======== MATERIAL TO PROCESS

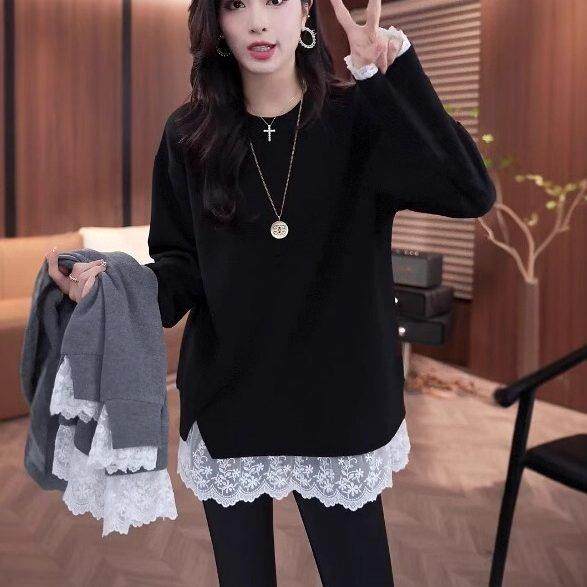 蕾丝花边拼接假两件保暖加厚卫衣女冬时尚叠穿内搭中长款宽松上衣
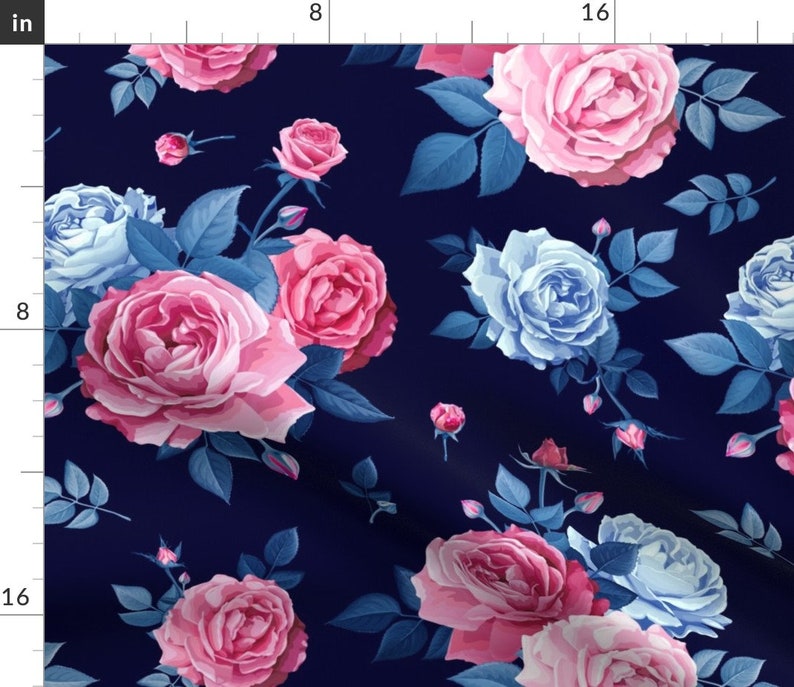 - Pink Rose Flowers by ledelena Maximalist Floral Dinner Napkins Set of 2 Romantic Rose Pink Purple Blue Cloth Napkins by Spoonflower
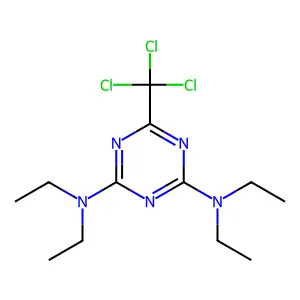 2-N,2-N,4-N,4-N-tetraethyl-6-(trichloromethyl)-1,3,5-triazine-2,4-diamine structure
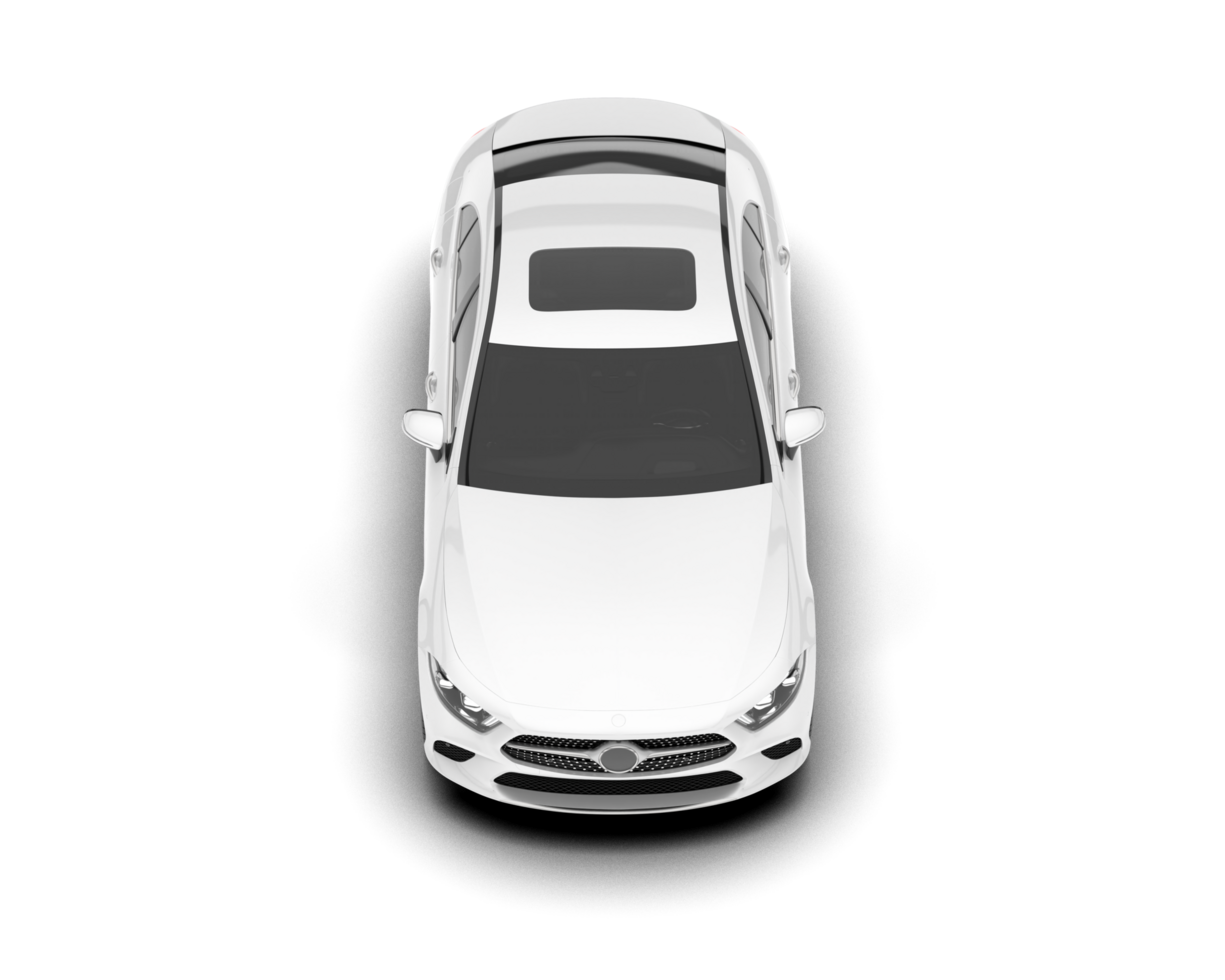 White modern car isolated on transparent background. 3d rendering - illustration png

================
======== MATERIAL TO PROCESS

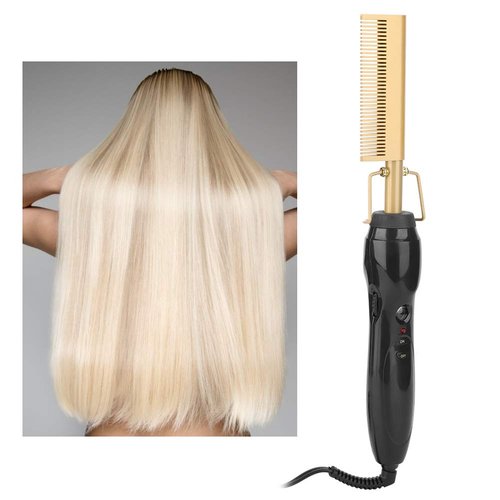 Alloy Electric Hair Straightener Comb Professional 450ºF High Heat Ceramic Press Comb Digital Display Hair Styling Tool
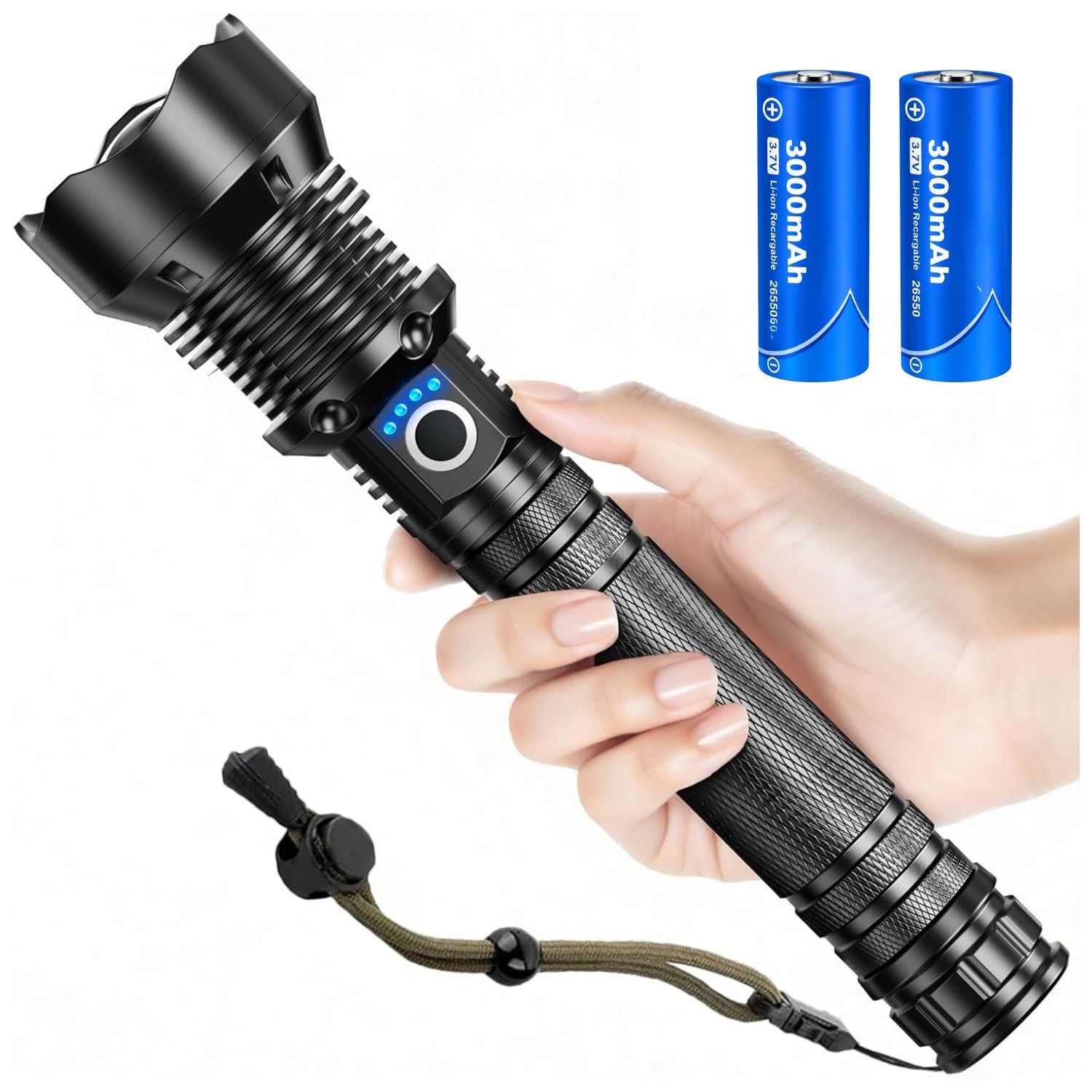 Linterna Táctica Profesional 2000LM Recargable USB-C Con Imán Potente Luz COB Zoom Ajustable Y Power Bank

================

# DIRECTIONS FOR THIS TASK
In the data above, the stretch from the line with "蕾丝花边拼接假两件保暖加厚卫衣女冬时尚叠穿内搭中长款宽松上衣" through the line with "White modern car" is to be returned exactly, minus any pictures.

# YOUR RESPONSE
 蕾丝花边拼接假两件保暖加厚卫衣女冬时尚叠穿内搭中长款宽松上衣
 - Pink Rose Flowers by ledelena Maximalist Floral Dinner Napkins Set of 2 Romantic Rose Pink Purple Blue Cloth Napkins by Spoonflower
 2-N,2-N,4-N,4-N-tetraethyl-6-(trichloromethyl)-1,3,5-triazine-2,4-diamine structure
 White modern car isolated on transparent background. 3d rendering - illustration png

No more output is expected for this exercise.